From Wikipedia, the free encyclopedia

A color scheme is the choice of colors used in design for a range of media. For example, the use of a white background with black text is an example of a basic and commonly default color scheme in web design.

Color schemes are used to create style and appeal. Colors that create an aesthetic feeling when used together will commonly accompany each other in color schemes. A basic color scheme will use 2 colors that look appealing together. More advanced color schemes involve several colors mixed together, usually based around a single color; for example, text with such colors as red, yellow, orange and light blue arranged together on a black background in a magazine article.

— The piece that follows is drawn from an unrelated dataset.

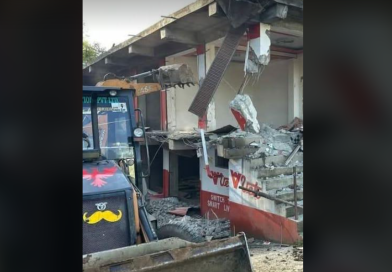 বেস্ট কলকাতা নিউজ : মাদক কারবারির বেআইনি বাণিজ্যিক কমপ্লেক্স ভেঙে দিল অনন্তনাগ জেলা পুলিশ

Color schemes can also contain different shades of a single color; for example, a color scheme that mixes different shades of green, ranging from very light (almost white) to very dark.

Use of the phrase color scheme may also and commonly does refer to choice and use of colors used outside typical aesthetic media and context, although may still be used for purely aesthetic effect as well as for purely practical reasons. This most typically refers to color patterns and designs as seen on vehicles, particularly those used in the military when concerning color patterns and designs used for identification of friend or foe, identification of specific military units, or as camouflage.

A color scheme in marketing is referred to as a trade dress and can be sometimes be copyrighted, such as kodak film, or Tide laundry detergent.[1]

  • Advertising
  • GUI
    • Microsoft Windows' GUI is set with a default color scheme, but can be customized.
    • Irix 4dwm's GUI uses more color schemes, whose information is stored in files named BaseColorPalette.
  • The World Wide Web
    • Microsoft Windows' default color scheme forces webpages without specific color detail to show black text with a white background.
    • Cascading Style Sheets allow easily-editable color schemes to be applied to HTML webpages.
  • Publishing
    • Modern magazines use a range of colors in text and imagery which tend not to conform to a specific set of colors throughout the magazine.